** Data extracts follows **

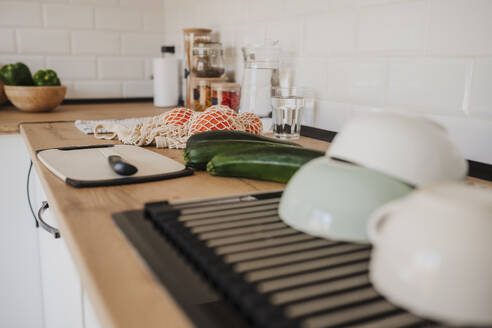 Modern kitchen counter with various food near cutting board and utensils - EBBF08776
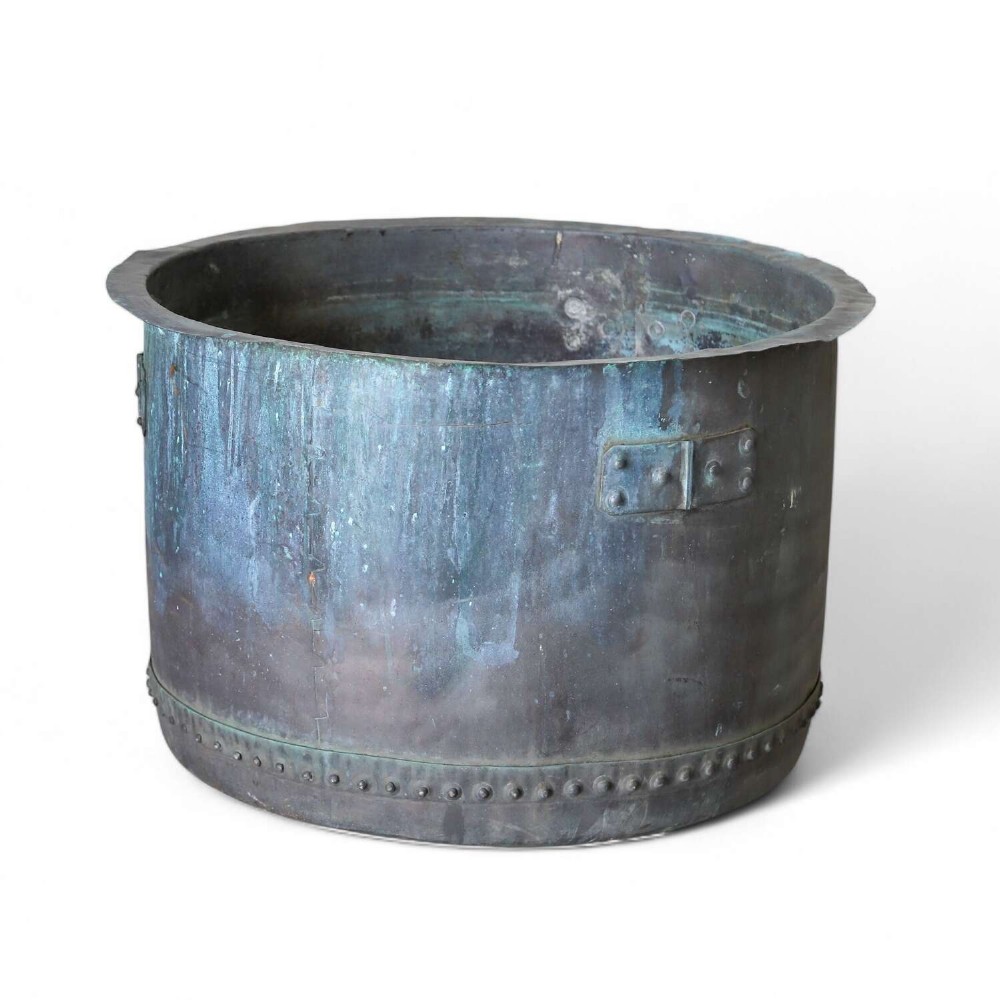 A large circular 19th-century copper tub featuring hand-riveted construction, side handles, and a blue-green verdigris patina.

** End of Data extracts **
** Data extracts follows **

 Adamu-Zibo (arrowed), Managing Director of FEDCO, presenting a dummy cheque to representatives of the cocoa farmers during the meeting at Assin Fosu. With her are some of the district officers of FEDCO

** End of Data extracts **

What the task requires »
Among the entries above, locate the line with "Modern kitchen counter" and the line with "A large circular". Give those two lines and all lines between them again, exactly, leaving out the pictures.

Finished exercise »
 Modern kitchen counter with various food near cutting board and utensils - EBBF08776
 A large circular 19th-century copper tub featuring hand-riveted construction, side handles, and a blue-green verdigris patina.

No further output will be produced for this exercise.